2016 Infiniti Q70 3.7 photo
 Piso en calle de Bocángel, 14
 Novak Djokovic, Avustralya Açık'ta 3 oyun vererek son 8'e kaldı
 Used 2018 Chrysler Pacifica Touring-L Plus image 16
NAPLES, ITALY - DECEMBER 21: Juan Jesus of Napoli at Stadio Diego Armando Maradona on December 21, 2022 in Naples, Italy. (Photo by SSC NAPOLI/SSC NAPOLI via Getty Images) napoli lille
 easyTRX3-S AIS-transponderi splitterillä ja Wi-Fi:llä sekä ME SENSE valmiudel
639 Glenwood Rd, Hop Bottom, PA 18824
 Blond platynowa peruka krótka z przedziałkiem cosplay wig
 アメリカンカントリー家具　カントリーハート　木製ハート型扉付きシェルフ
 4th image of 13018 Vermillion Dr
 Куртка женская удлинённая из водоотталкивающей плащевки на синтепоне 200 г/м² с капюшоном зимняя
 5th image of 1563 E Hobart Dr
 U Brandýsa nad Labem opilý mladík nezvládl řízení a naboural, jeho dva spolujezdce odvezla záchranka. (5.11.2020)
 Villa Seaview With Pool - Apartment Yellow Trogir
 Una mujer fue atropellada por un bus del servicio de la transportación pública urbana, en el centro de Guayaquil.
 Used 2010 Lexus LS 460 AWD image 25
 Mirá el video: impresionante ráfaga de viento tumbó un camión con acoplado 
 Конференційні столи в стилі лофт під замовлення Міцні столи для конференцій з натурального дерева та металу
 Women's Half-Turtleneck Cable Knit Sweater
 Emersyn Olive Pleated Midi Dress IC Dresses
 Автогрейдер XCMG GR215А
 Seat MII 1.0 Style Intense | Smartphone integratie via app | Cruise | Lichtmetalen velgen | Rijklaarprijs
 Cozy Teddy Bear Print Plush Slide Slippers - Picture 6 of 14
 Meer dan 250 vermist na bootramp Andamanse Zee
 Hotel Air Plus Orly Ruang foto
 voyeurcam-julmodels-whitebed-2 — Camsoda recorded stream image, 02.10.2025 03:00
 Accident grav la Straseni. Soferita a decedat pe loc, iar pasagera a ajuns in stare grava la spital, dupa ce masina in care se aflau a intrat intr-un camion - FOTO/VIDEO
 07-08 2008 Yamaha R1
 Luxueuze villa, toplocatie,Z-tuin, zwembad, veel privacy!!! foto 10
•••
TASK DETAILS:
Copy, exactly and with nothing added, the lines from the one containing "Meer dan 250" through the end of the records.

ANSWER BOX:
 Meer dan 250 vermist na bootramp Andamanse Zee
 Hotel Air Plus Orly Ruang foto
 voyeurcam-julmodels-whitebed-2 — Camsoda recorded stream image, 02.10.2025 03:00
 Accident grav la Straseni. Soferita a decedat pe loc, iar pasagera a ajuns in stare grava la spital, dupa ce masina in care se aflau a intrat intr-un camion - FOTO/VIDEO
 07-08 2008 Yamaha R1
 Luxueuze villa, toplocatie,Z-tuin, zwembad, veel privacy!!! foto 10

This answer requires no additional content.